Security personnel at State House in Harare have thus far refused to receive a summons for First Lady Grace Mugabe in a case brought against her at the Harare High Court in connection with an $1.4m (R18m) diamond ring she allegedly bought from Dubai last year.

Jamal Hamed, a Dubai diamond dealer, claims that Grace paid him from her Zimbabwe account at the Commercial Bank of Zimbabwe, CBZ, for a rough diamond which he polished and had set. He claims he then sent it to her but says she refused to accept delivery and allegedly demanded a full refund to her bank in Dubai.

Hamed says he tried to negotiate with her as costs were involved in polishing and setting the diamond and claimed any refund, by instalments, would have to be made to her Harare bank account because of foreign currency regulations.

He said that in October, three of his valuable properties in Harare were taken over by Stanley Goreraza, Mugabe’s eldest son from her first marriage, and her bodyguard, Kennedy Fero.
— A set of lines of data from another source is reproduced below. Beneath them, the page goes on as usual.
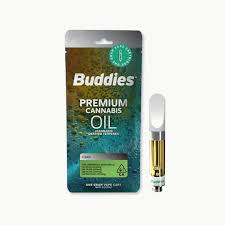 Buddies — Banana Bread
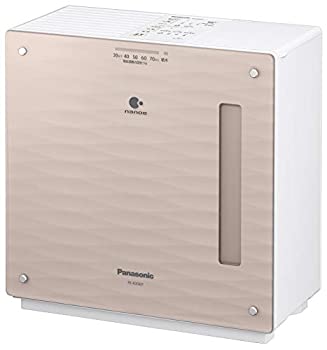 Panasonic ナノイー 気化式加湿器 FE-KXS07-T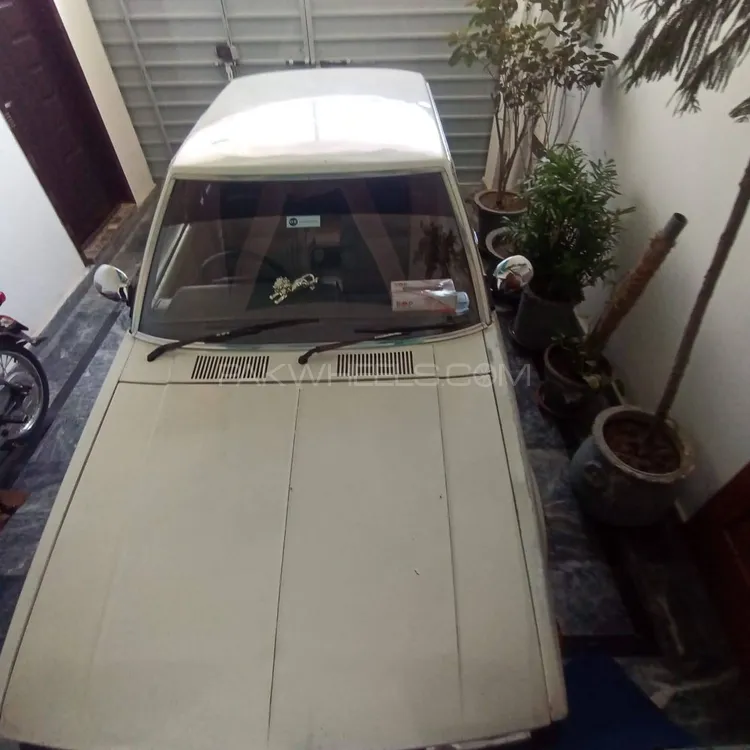 Toyota Corolla 1981 for Sale in Lahore Image-1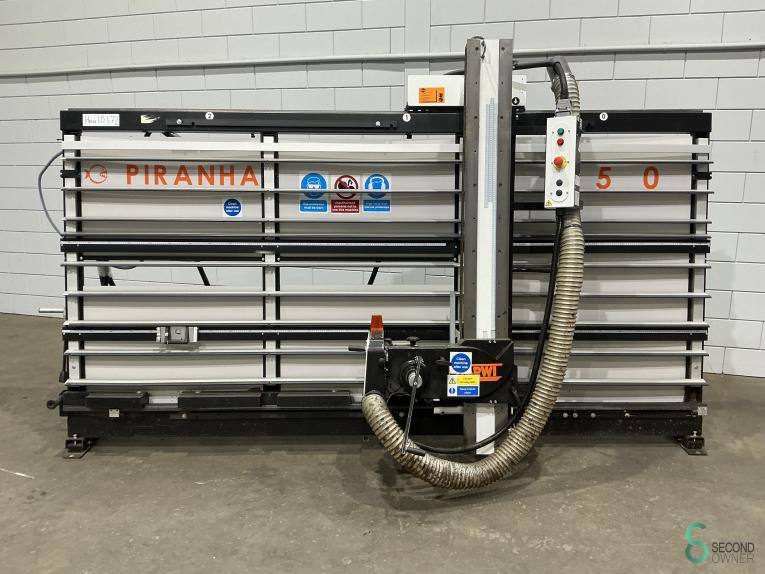 Harwi Piranha 1250 HOU10.172 67 17655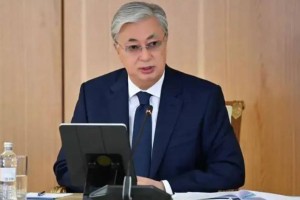 Токаев поручил ускорить строительство АЭС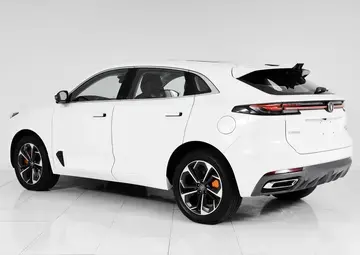 Changan UNI-K Вид 4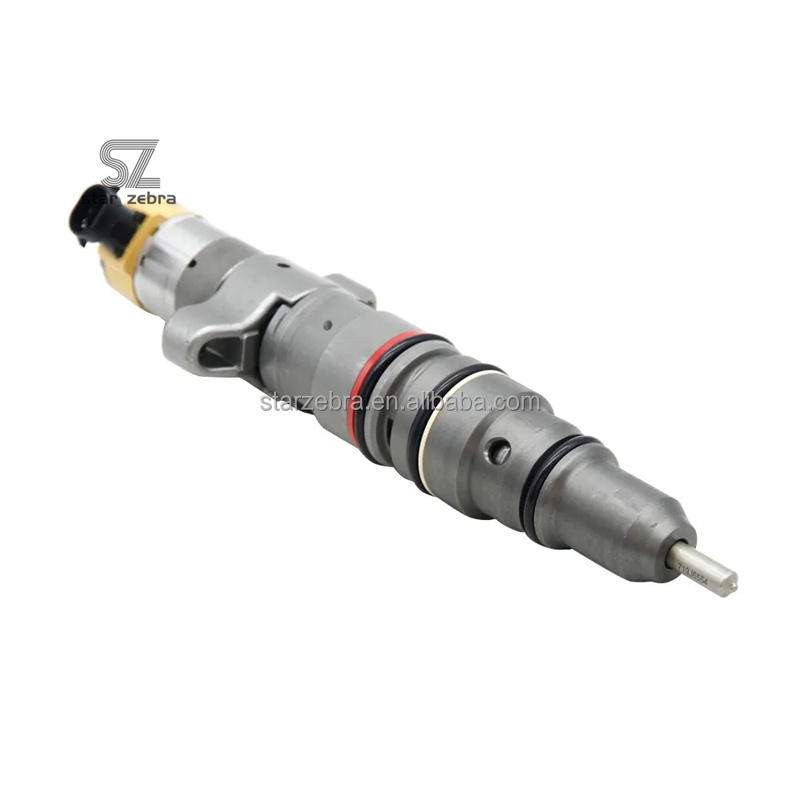 Supply CAT C7 Diesel Engine Fuel Injector Common Rail Injector for Excavator After Service Online support 10R4761 387-9430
In the process, Hamed said, his workers who lived on the properties became homeless, including a school child about to write examinations.

Several commercial vehicles 

Hamed’s lawyer, Beatrice Mtetwa, sought an urgent application to force Mugabe, her son and bodyguard to return the properties.

Another attempt was set to be made to serve summons for an urgent application in the High Court on Grace Mugabe at State House later on Thursday.

Although President Robert Mugabe, 92 is immune from prosecution while in office, his wife Grace does not have that privilege.

Many Zimbabwe lawyers would not risk taking on Grace, but the diamond ring case is the second time Mtetwa has gone head-to-head with the First lady.

Five years ago, four South African drivers were arrested in Harare after they delivered several commercial vehicles to Grace in Harare.

The vehicles were bought by Mugabe for her son Russell Goreraza.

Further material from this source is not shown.